Aimer perdre suit Armande Pigeon, 26 ans, fauchée, accro aux paris, bloquée dans une Bruxelles qui ressemble moins à une capitale qu’à un terrain vague.Sans boulot fixe, endettée, elle loue un bout de salon chez une logeuse à bout (Catherine Ringer) et joue sa survie au petit bonheur, comme si chaque minute devait “rapporter” quelque chose. Son nom dit déjà tout : oui, elle est un pigeon, mais un pigeon qui refuse de se laisser enfermer.
Ce qui m’a frappé d’emblée, c’est que les frères Guit ne cherchent jamais à embellir quoi que ce soit. La photo est carrément crade : caméra à l’épaule, GoPro compressée, plans saturés, POV de pigeon… Ce n’est pas un amateurisme pour faire genre, c’est un langage, une manière de filmer la précarité dans sa matière.
Et ça marche parce que cette saleté épouse exactement la vie d’Armande. Ses paris absurdes, ses combines, ses tentatives pour grappiller quelques euros ou quelques jours de répit, tout cela s’inscrit dans un mouvement de “survival” urbain où le réel n’est jamais lissé. On rit, oui, mais pas parce que l’excès rejoint le quotidien, parce que le grotesque n’est jamais très loin quand la survie dépend de trois décisions idiotes prises trop vite.
Ce qui m’intéresse le plus, c’est la manière dont les Guit tiennent ensemble le bordel et la lucidité. Le film est en roue libre, souvent volontairement. Certaines scènes basculent dans une escalade quasi punk : plan trop serré, lumière ingrate, détail franchement repoussant. Mais derrière cette démesure, il y a une lecture très nette du déterminisme social : Armande n’est pas "malchanceuse", c’est une jeune femme qui n’a pas le droit au filet de sécurité et qui tente donc tout, même le pire, pour ne pas couler.

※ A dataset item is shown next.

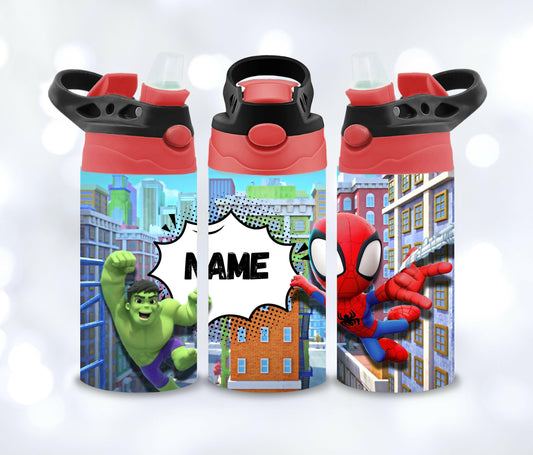 Kids Personalized Spidey and Friends 12oz Insulated Straw Cup, Custom Tumbler with Name for Back to School Spidey and Hulk Marvel Superhero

L’humour fonctionne sur le décalage : les situations sont absurdes mais jamais détachées du réel. On passe d’un pari idiot à un job improbable, d’une scène d’amitié bancale à des dettes qui s’accumulent comme des mauvaises blagues. C'est un humour de survie, celui qui apparaît quand tout s’écroule mais qu’on continue quand même. C’est le portrait d’une jeunesse qui oscille entre élan vital et épuisement social.
Par exemple, quand Armande se retrouve au casino avec un joueur compulsif (Melvil Poupaud) et que la scène est filmée comme une captation embarquée au smartphone : on ne sait plus très bien si on est dans la fiction “classique” ou dans un morceau de réel mal cadré, pris sur le vif, et cette hésitation dit quelque chose de sa vie : toujours à deux doigts du faux pas, toujours “à côté” des codes.
Et c’est peut-être ce qui fait la force du film : son refus de la morale. Ils ne sauvent personne, ne punissent personne, ne glorifient rien. Les Guit filment la galère comme une énergie. Ils montrent comment une existence cabossée s’invente dans le chaos. Et Armande, portée par une incroyable Maria Cavalier-Bazan, finit par devenir ce qu’elle est vraiment : une femme qui perd, qui avance, qui reste vivante.
C’est donc un film sur la loose, oui, mais une loose libre, presque joyeuse, celle qui dit : tant qu’on perd, au moins on joue encore.